Vi la foto enmarcada en mi mesita de noche. Una foto de César y yo, tomada en nuestro primer aniversario. Estábamos sonriendo, felices. Enamorados. Una mentira.
Con un sollozo ahogado, agarré el marco y lo estrellé contra la pared. El vidrio se hizo añicos.
Arrasé la habitación como una tormenta, destruyendo todo lo que me recordaba a él, a nosotros. Rompí mis lápices ópticos de arte digital, las herramientas de mi oficio, lo mismo que Bárbara me había envidiado. Rasgué las cartas de amor que me había enviado a la cárcel, cada palabra de afecto una broma cruel.
La puerta se abrió de golpe. César estaba allí, su rostro furioso. "¿Qué demonios estás haciendo?".
Me volví para enfrentarlo, mi pecho agitado. "Deshaciéndome de la basura".
"¿Estás loca?".
"Tal vez", dije, una extraña calma invadiéndome. "Los médicos de la cárcel dijeron que el cáncer en mi cerebro podría causar cambios de humor".
Su ira vaciló, reemplazada por un destello de... algo. No era preocupación. Era molestia. Otra complicación en su plan perfecto.
Intentó atraerme a sus brazos. "Alia, nena...".

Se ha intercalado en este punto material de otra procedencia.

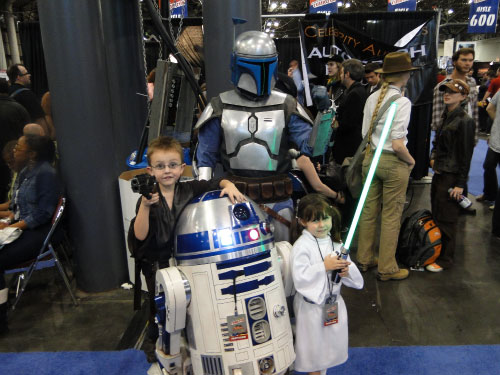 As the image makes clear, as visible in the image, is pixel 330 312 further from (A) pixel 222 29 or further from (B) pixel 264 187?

Lo empujé. "No me toques".
Su teléfono sonó de nuevo. Miró el identificador de llamadas, luego a mí, su mandíbula apretada por la irritación. Era Bárbara. Por supuesto, era Bárbara.
"Quédate aquí", ordenó, y salió, cerrando la puerta detrás de él.
Me hundí en el suelo en medio de los restos de mi pasado. Una alerta de noticias iluminó la pantalla de su tableta olvidada. Era una transmisión en vivo de un evento de alfombra roja. Y allí estaba César, sonriendo para las cámaras, con Bárbara Cantú del brazo. El titular decía: "El magnate tecnológico César Estrada y la artista Bárbara Cantú: ¿La pareja de poder definitiva?".
Ni siquiera intentaban ocultarlo. Yo solo era un fantasma en su historia triunfante.